L’Etna è da sempre luogo del mito. Per i greci era una ninfa, figlia di Urano e Gea , ed era proprio al suo interno che il dio Efesto aveva la sua officina e i ciclopi le loro grotte. A volte chiamato “madre”, il vulcano viene vissuto per la maggior parte del tempo come una presenza benevola, quasi come non fosse per sua natura un possibile pericolo per i territori circostanti. Gli ultimi eventi sismici legati all’attività eruttiva dell’Etna hanno però sviluppato un generale senso di stupore e smarrimento, ingigantito dalla risonanza mediatica data dai social network. Offrire un quadro più chiaro e scientificamente fondato della situazione è stato l’obiettivo del convengo “Aetna, da Tifeo ad Alfeo”, organizzato dalla sezione Iblamajor dell’Archeoclub di Paternò. Raccontare il vulcano attraverso «questioni antropologiche e naturalistiche» è stato l’approccio scelta dal presidente dell’associazione Francesco Finocchiaro, coadiuvato dal responsabile della ricerca scientifica Salvo Caruso, moderatore dell’incontro. Relatore d’eccezione il vulcanologo dell’ Istituto Nazionale di Geofisica e Vulcanologia Boris Behncke, al quale abbiamo rivolto alcune domande.

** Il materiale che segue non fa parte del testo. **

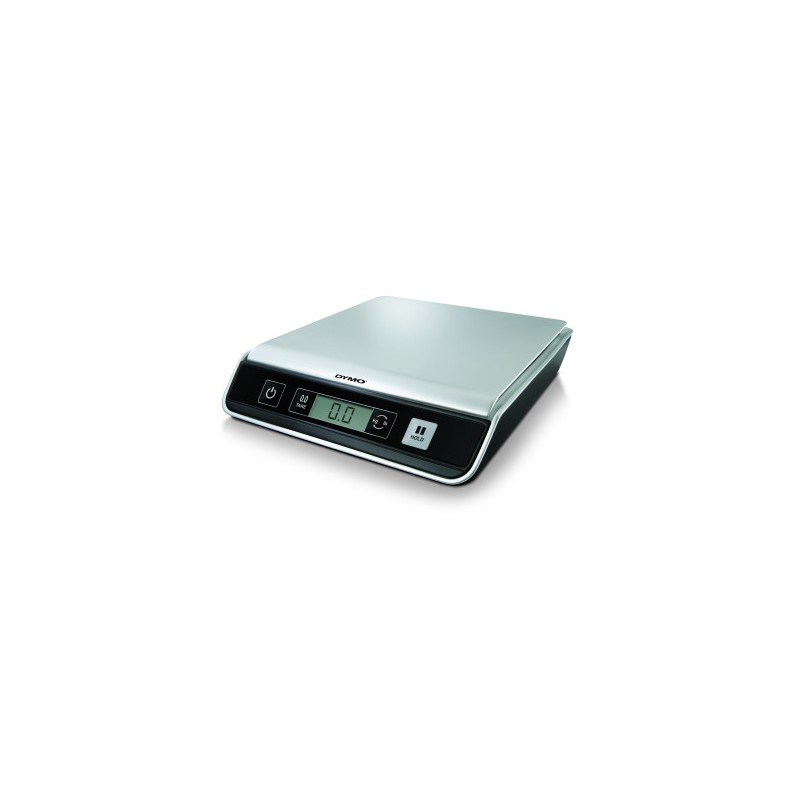 880-BASCULA DIGITAL POSTAL USB M10. 4GR-10KG DYMO S0929010 880-BASCULA DIGITAL POSTAL USB M10. 4GR-10KG DYMO S0929010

BELLEZZA E PAURA. «In mezzo a tutte queste paure, scenari catastrofici e anche bufale, non dimentichiamoci che abbiamo a che fare con il vulcano più straordinario al mondo». Più volte Boris Behncke sottolinea la natura speciale del nostro vulcano: «L’Etna è estremamente gratificante per un vulcanologo. Quale altro vulcano sulla terra ha quattro crateri principali? A questo si aggiunga l’enorme varietà di attività vulcaniche, tra spostamenti del fianco e movimento del magma all’interno, che si vedono unicamente qui». Parlando della storia e della recente attività dell’Etna, Behncke ha più volte osservato come anche le ultime attività non escano al di fuori dell’ordinario: «Il rischio non è né aumentato né diminuito – spiega il ricercatore – il cambiamento è avvenuto gradualmente, niente di nuovo sotto questo cielo. C’è stato un graduale crescendo del movimento orizzontale dei fianchi sotto la pressione del magma che si accumula. L’ultima eruzione di fianco o laterale durata dal 24 al 27 dicembre 2018, è stata molto più ridotta rispetto a quella precedente del 2009, durata 14 mesi».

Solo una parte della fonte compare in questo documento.